Além disso, com as sucessivas autorizações para que os sojicultores conseguissem créditos nos bancos usando sementes não-certificadas – diante do fato consumado do contrabando e da produção própria de sementes transgênicas -, a indústria de sementes do Brasil perdeu R$ 6 bilhões, apenas nos anos de 2005 e 2006, segundo dados da Associação Brasileira de Sementes e Mudas (Abrasem). O faturamento de R$ 7,5 bilhões, em 2004, caiu para R$ 5,5 bilhões em 2005 e para R$ 3,5 bilhões em 2006, em números redondos, contabiliza Ywao Miyamoto, presidente da Abrasem.

‘A indústria de sementes do Brasil, que tem uma tradição de 40 anos, foi praticamente dizimada pela pirataria’, lamenta Miyamoto. O ministro da Agricultura, Luís Carlos Guedes Pinto, concorda com a análise: ‘O contrabando de sementes piratas ocupou o espaço da semente nacional por tanto tempo e em tão larga escala que criou uma crise brutal’, disse ao Estado.

Ações na Justiça, dificuldades de obter os dois terços necessários nas votações e demoras na emissão de pareceres pelos representantes da área ambiental têm paralisado a Comissão Técnica Nacional de Biossegurança (CTNBio), à qual cabe autorizar pesquisa e comercialização de produto transgênico.

MEDIDA PROVISÓRIA

O presidente Luiz Inácio Lula da Silva tem até o dia 21 para sancionar ou vetar medida provisória, aprovada na Câmara e no Senado, destinada a destravar a comissão, reduzindo para metade mais um (14, do total de 27) os votos necessários para conceder licenças de comercialização.

A ministra do Meio Ambiente, Marina Silva, que comanda a resistência no governo aos trabalhos da CTNBio, pedirá ao presidente que vete a MP 327. Na visão dela, quem tem de dar licenças ambientais para cultivos transgênicos é o Instituto Brasileiro do Meio Ambiente e dos Recursos Naturais Renováveis (Ibama), subordinado a seu ministério.

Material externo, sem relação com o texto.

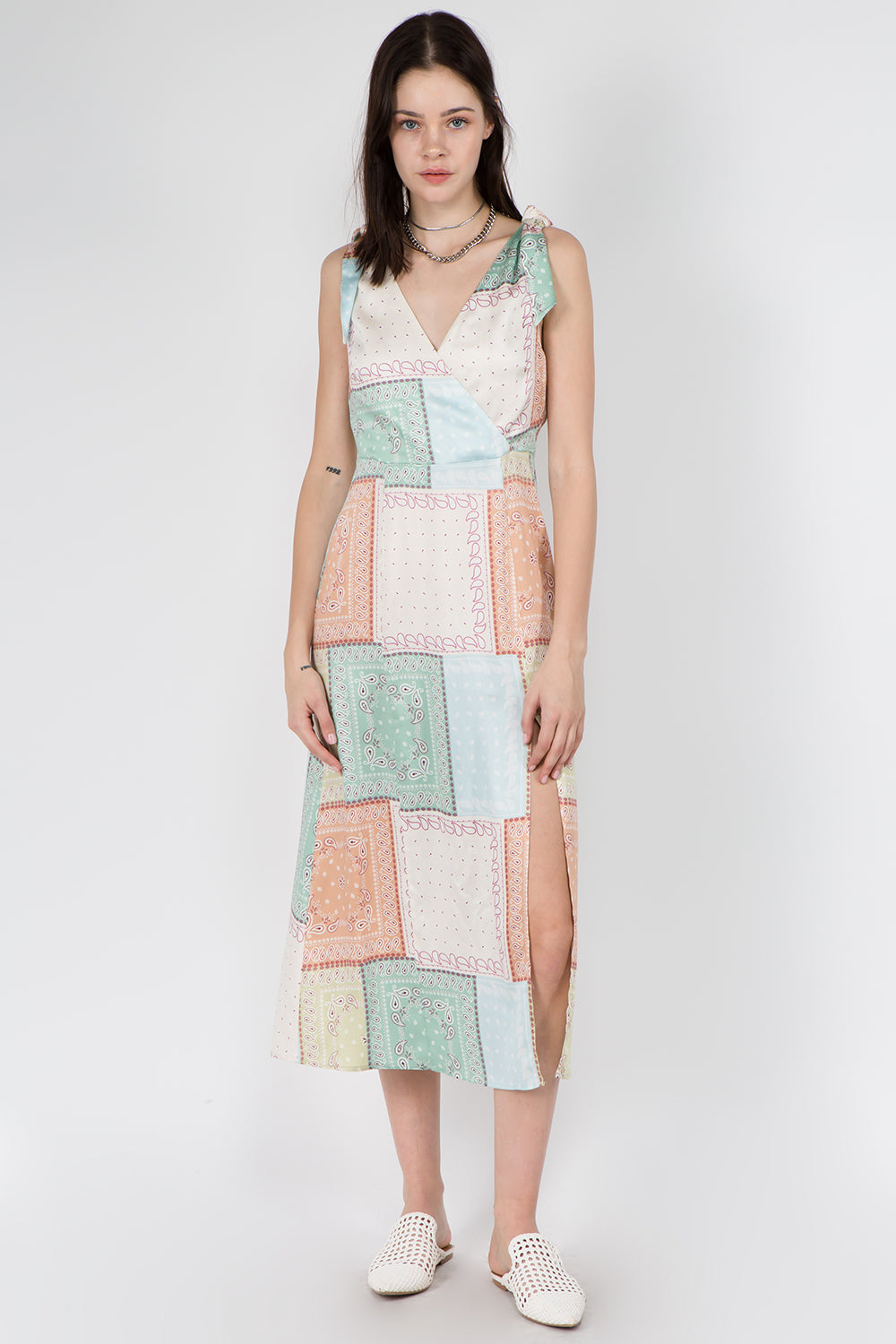 Patch Print Tie Dress - Whiteroom+Cactus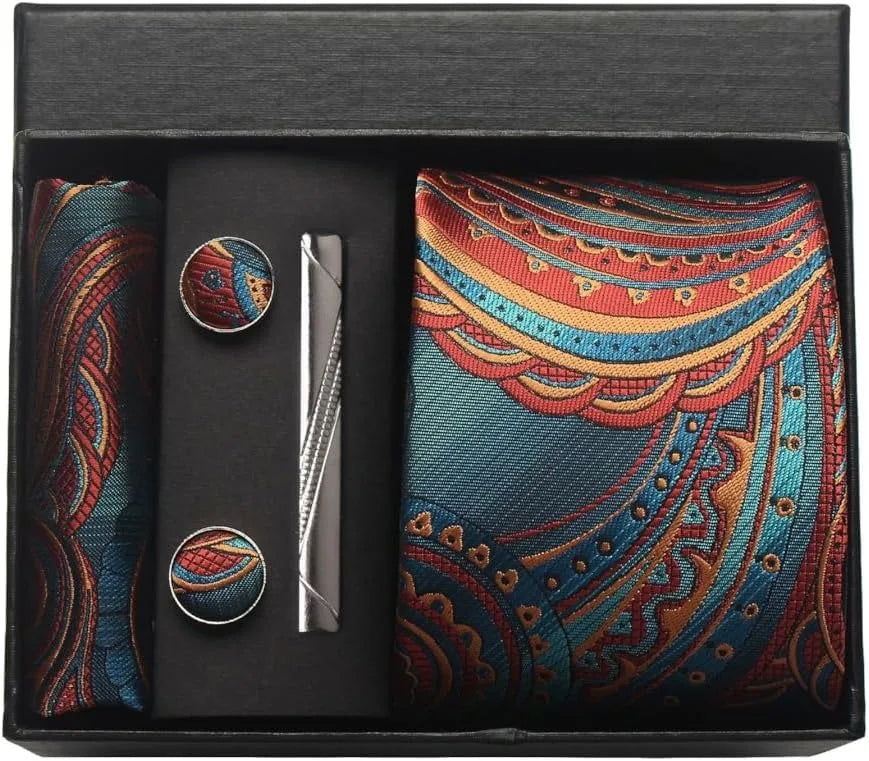 Set de Corbata Nobleza Real Paisley de Seda para Caballero – 5 Piezas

Como a nova Lei de Biossegurança, de 2005, confirmou essa atribuição à CTNBio, Marina quer que pelo menos se mantenha a maioria de dois terços, por meio da qual os ambientalistas têm conseguido barrar as autorizações. ‘A lei foi alterada de forma equivocada’, avalia João Paulo Capobianco, secretário de Biodiversidade e Florestas, encarregado do tema no Ministério do Meio Ambiente.

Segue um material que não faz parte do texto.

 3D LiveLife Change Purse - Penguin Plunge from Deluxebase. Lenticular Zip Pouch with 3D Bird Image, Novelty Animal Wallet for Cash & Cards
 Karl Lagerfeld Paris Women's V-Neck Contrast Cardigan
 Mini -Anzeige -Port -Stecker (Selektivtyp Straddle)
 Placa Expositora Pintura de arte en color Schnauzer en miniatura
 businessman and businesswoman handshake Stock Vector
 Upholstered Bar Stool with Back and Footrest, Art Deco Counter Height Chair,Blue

O Ministério do Desenvolvimento Agrário também pedirá o veto. ‘Não vejo nenhum argumento razoável para não manter o quórum de dois terços para as decisões sobre liberação comercial’, diz Magda Zanoni, do Núcleo de Estudos Agrários para o Desenvolvimento Rural e representante do ministério na CTNBio. ‘Em um ano, fizemos muito.’

OPOSIÇÃO

Dos 27 integrantes da CTNBio, 5 se opõem sistematicamente a qualquer coisa que conduza à liberação comercial: dois representantes do Ministério do Meio Ambiente, a representante do Desenvolvimento Agrário, um da Secretaria da Pesca e outra dos consumidores, indicada pelo Ministério da Justiça. Outros dois ou três os acompanham freqüentemente.

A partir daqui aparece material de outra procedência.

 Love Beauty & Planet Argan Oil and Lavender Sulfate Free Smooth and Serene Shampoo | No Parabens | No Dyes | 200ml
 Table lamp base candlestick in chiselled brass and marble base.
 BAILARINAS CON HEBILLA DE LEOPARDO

Em tese, seria possível alcançar o quórum de 18 votos. O problema é que os opositores nunca faltam, enquanto dificilmente todos os outros estão presentes. São cientistas, com muitas ocupações, e até com dificuldades financeiras para comparecer em Brasília, já que a diária de R$ 180 às vezes não é suficiente para quem tem de viajar até o aeroporto mais próximo.

O ministro da Agricultura pedirá ao presidente que sancione a mudança do quórum, embora vete a parte da MP que libera a venda de algodão produzido com semente transgênica contrabandeada. ‘O tema dos transgênicos precisa ser encarado de forma técnica, e não emocional’, diz Guedes.

O Ministério da Ciência e Tecnologia seguirá a mesma linha. ‘Nunca conseguimos dois terços’, diz Luiz Antonio Barreto de Castro, secretário de Políticas e Programas de Pesquisa e Desenvolvimento do ministério, e primeiro presidente da CTNBio, criada em 1996. ‘Desde 2005, não liberamos nada.’